Stallman's final interview as FSF president - sohkamyung
https://www.theregister.co.uk/2019/09/17/richard_stallman_interview/
======
gwd
This is a pretty interesting comment in hindsight:

" But I believe in judging each thing that a company does separately. So if a
company is doing this thing, which is wrong and unjust, and this thing, which
is helpful, I'd rather not add them up. If these two activities are separable
in practice, in other words, if it's possible to look at each one,
individually, and distinguish it from the other, if they're not tied up with
each other, so much that that's a nonsensical thing to do, then I do that.
Because that way, I can disapprove of whatever is bad and approve of whatever
is good. That's more useful, just adding it up to get one total for a given
company."

Treating people that way, and expecting to be treated that way, is part of the
reason he's had to step down.

------
microtherion
> I never believed that Microsoft was the great Satan.

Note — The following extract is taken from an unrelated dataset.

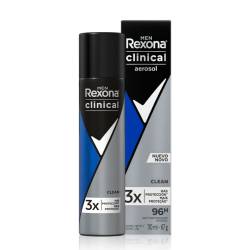 Desodorante antitranspirante en aerosol clinical clean hombre Rexona 91 Gr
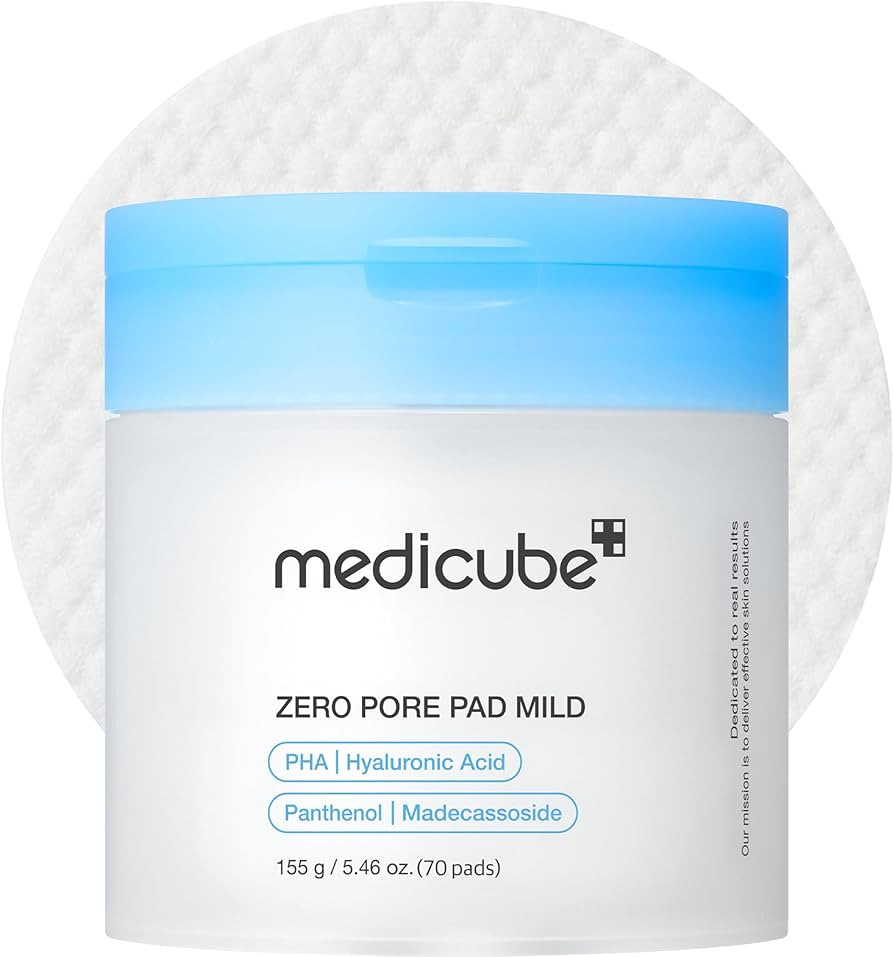 medicube Zero Pore Pads Mild 2.0 (70 units) - Gentle Calming Toner Pads for Exfoliation, Minimizi... | Amazon (UK)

I suspect that the great Satan for RMS was mostly Apple. I don’t think he and
his organizations have ever advocated a boycott of Microsoft, while they have
called for boycotts of both macOS and iOS at times — and notably at a time
when MS owned something like 90% of the OS market, they advocated for a
boycott of more or less their last PC OS competitor.

I never quite understood that focus. Maybe it was because Stallman thought
that Apple, with its hippie roots, was the bigger disappointment for not
aligning themselves with his values.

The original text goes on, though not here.